AI Won't Run the Business World: Why We Still Need Human Intelligence
ClearSale at Business.com: Is there a time on the horizon when humans can turn over their businesses to advanced deep-learning neural networks and relax while artificial intelligence does all the work? The early 2000s saw a boom in machine learning, AI and automation — and despite the advances that have given us chatbots and personalized suggestions for everything from shoes to potential spouses, we humans are still necessary for effective business processes in virtually every type of industry.
That's because while artificial intelligence is efficient, it relies on humans to build its intelligence and take on tasks it can't yet handle.
Neural networks have to get the information they use to recognize patterns from humans. We have to decide which data to “feed” the neural networks to train them to handle specific tasks, such as facial recognition or similar products. This is called supervised learning and it's as far as the technology reliably goes for now. Deep-learning technology can do a lot of things it couldn't do a decade ago, according to Roger Parloff at Fortune, but it hasn't evolved enough to let networks sift through raw data on their own to consistently find relevant patterns.

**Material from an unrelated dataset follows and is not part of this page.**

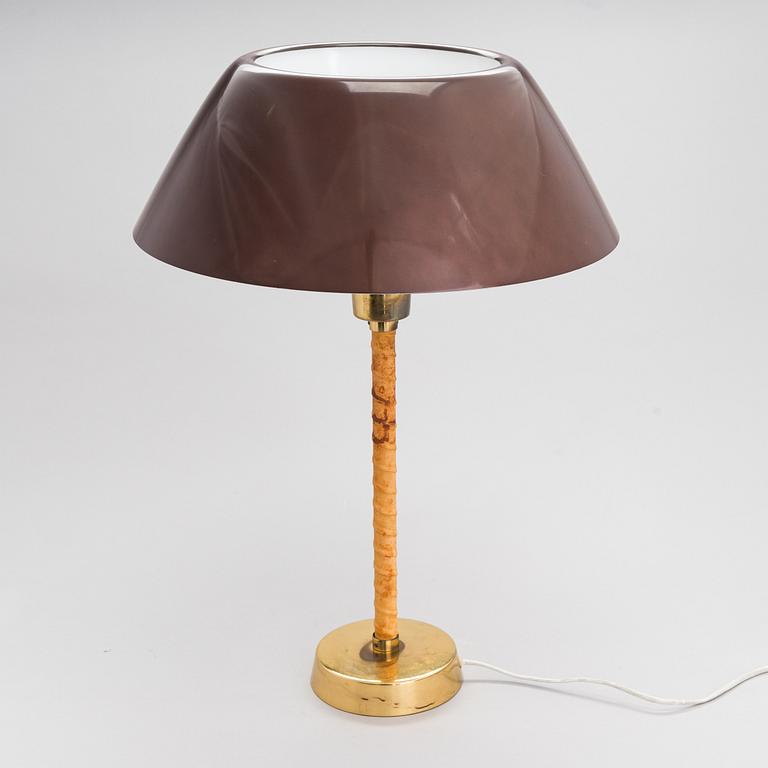 Lisa Johansson-Pape, bordslampa, "Senator", Orno. Modellen formgiven 1947.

AI is great at using massive amounts of human-selected data, but the knowledge and experience that allow us to select the data is still our domain. And sometimes, our human customers just want to interact with another person. What does this mean for business? For the foreseeable future, machine learning will continue to deliver efficiency that humans can't match, while humans provide the discernment and interpersonal skills that AI cannot. In other words, it's a partnership, not a competition, as demonstrated in a variety of industries.
What chatbots can (and can't) do for customer service operations
Like other AI tools, chatbots have to be trained by human interactions, and in most cases training allows chatbots to offer initial responses to basic customer questions. This frees up human customer service representatives to focus on more complicated customer inquiries. However, it's worth noting that customers may not use chatbots the way retailers and B2B merchants expect them to.
Terena Bell at CMS Wire reported that although many merchants train their chatbots to answer questions about products, US-based customers prefer to deal with humans before they make a purchasing decision. They're more likely to use chatbots after they buy to handle shipping inquiries and updates. This means chatbots need human instruction and need to be used to meet human customers' actual preferences.